WHAT TO PRODUCE. Copy the listing exactly as given. Omit every picture.

THE DATA.
============================================================
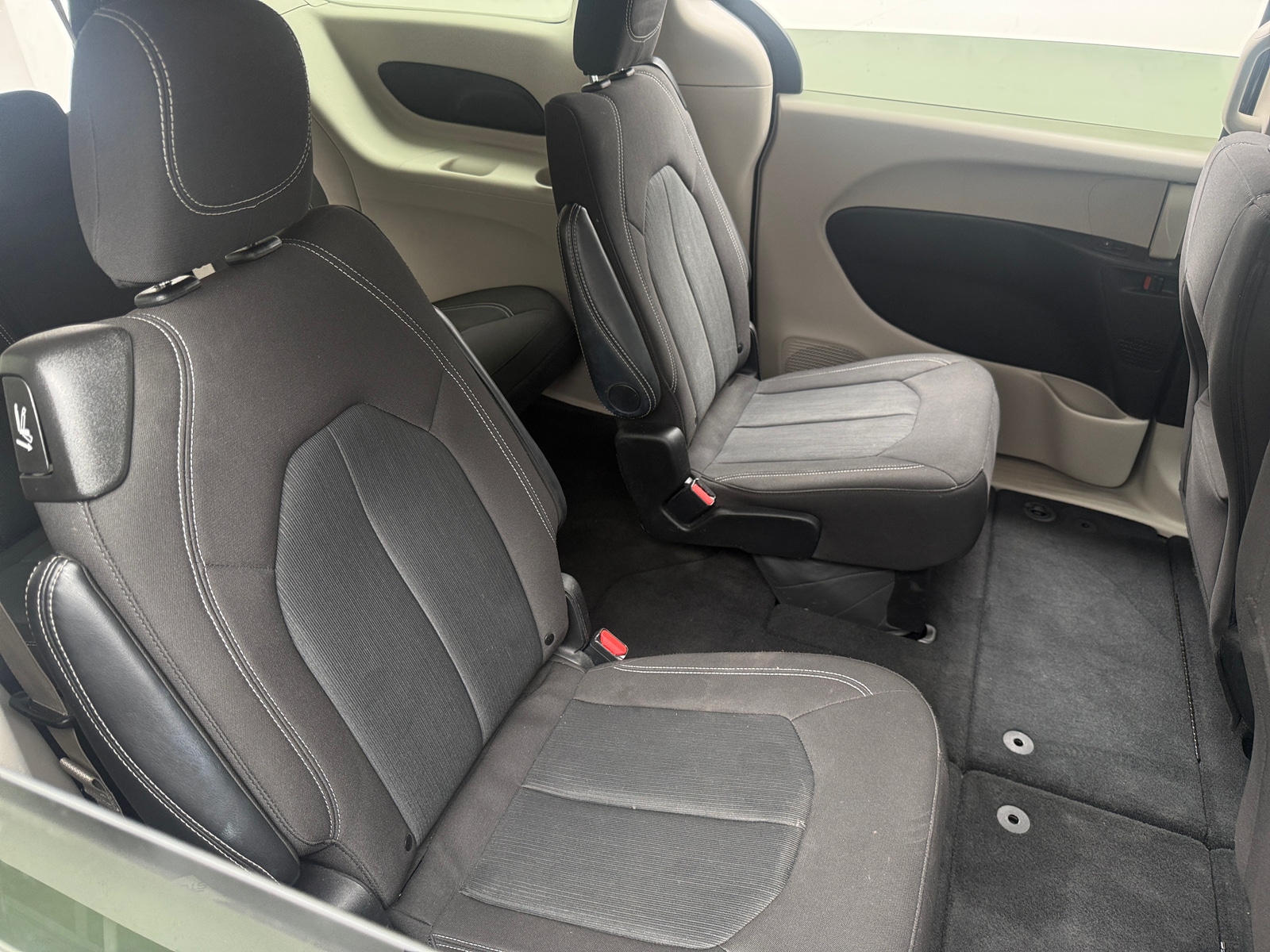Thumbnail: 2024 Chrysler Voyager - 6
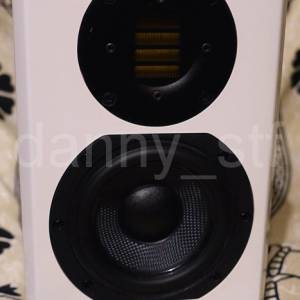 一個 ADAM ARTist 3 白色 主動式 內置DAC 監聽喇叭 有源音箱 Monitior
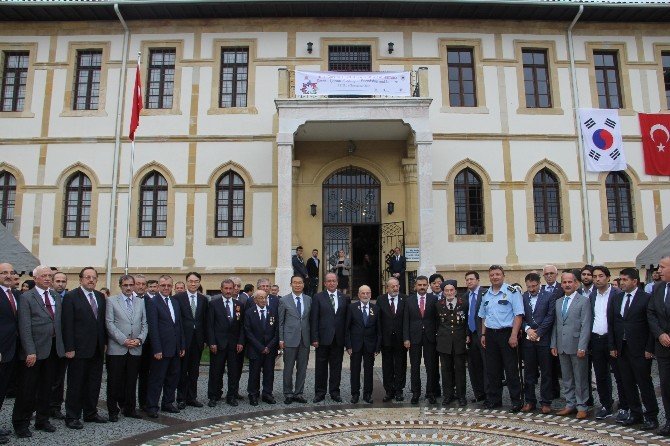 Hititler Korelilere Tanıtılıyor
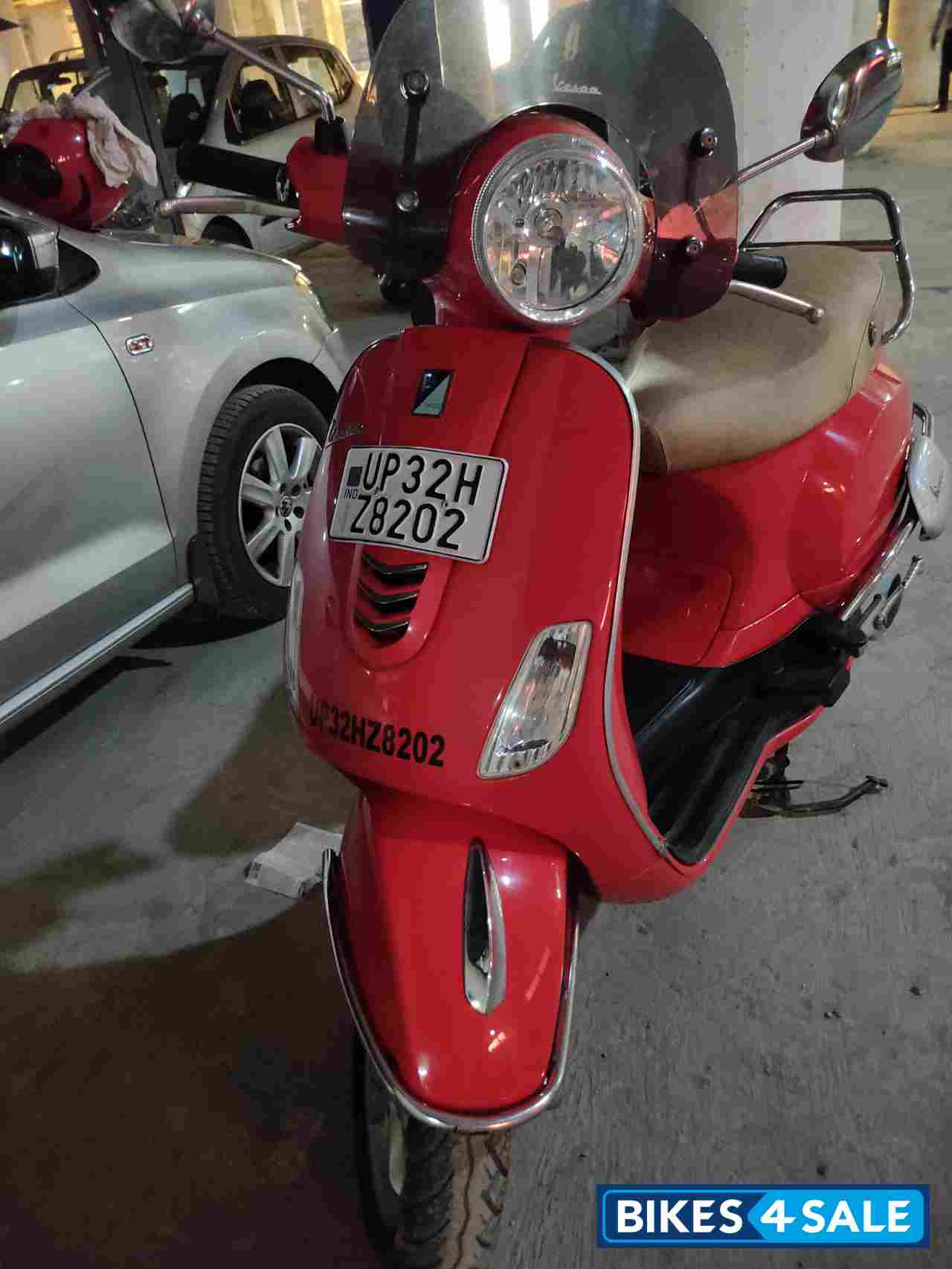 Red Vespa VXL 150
============================================================
TASK RESPONSE.
Thumbnail: 2024 Chrysler Voyager - 6
 一個 ADAM ARTist 3 白色 主動式 內置DAC 監聽喇叭 有源音箱 Monitior
 Hititler Korelilere Tanıtılıyor
 Red Vespa VXL 150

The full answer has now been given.